🤖 AI Summary
To address the memory bottleneck in large language model (LLM) inference caused by HBM bandwidth limitations, this work proposes an L2-cache-aware asynchronous KV cache prefetching mechanism: it implicitly prewarms KV data into the GPU’s L2 cache during compute-idle cycles, enabling deep overlap between computation and memory access. The method introduces the first asynchronous, L2-aware KV scheduling strategy—requiring no modifications to model architecture or training pipeline—and is orthogonal to and composable with existing optimizations.
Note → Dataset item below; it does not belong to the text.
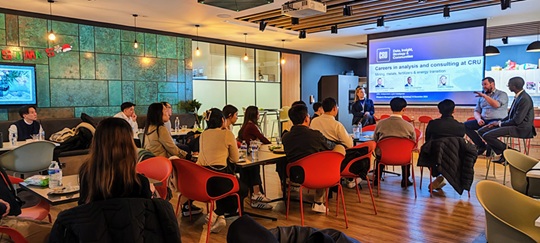 CRU Welcomes Students from Singapore Management University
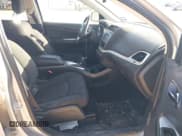 ✅ 2018 Dodge Durango SXT • VIN: 1C4RDHAG6JC277970 • Lot: 43686708. Wystawiony na IAAI z przebiegiem 86 569 mil. Bezpłatny archiwum sprzedaży aukcyjnych z USA i szczegółowy raport historii pojazdu na DreamBid. Zdjęcie 5.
Implemented via CUDA kernel-level customization, it achieves a 2.15× improvement in attention kernel efficiency and up to a 1.97× increase in end-to-end inference throughput on NVIDIA H20 GPUs. These gains significantly surpass those of state-of-the-art approaches such as FlashAttention-3, demonstrating substantial practical impact for memory-bound LLM inference.
📝 Abstract
Large Language Models (LLMs) exhibit pronounced memory-bound characteristics during inference due to High Bandwidth Memory (HBM) bandwidth constraints. In this paper, we propose an L2 Cache-oriented asynchronous KV Cache prefetching method to break through the memory bandwidth bottleneck in LLM inference through computation-load overlap. By strategically scheduling idle memory bandwidth during active computation windows, our method proactively prefetches required KV Cache into GPU L2 cache, enabling high-speed L2 cache hits for subsequent accesses and effectively hiding HBM access latency within computational cycles. Extensive experiments on NVIDIA H20 GPUs demonstrate that the proposed method achieves 2.15x improvement in attention kernel efficiency and up to 1.97x end-to-end throughput enhancement, surpassing state-of-the-art baseline FlashAttention-3. Notably, our solution maintains orthogonality to existing optimization techniques and can be integrated with current inference frameworks, providing a scalable latency-hiding solution for next-generation LLM inference engines.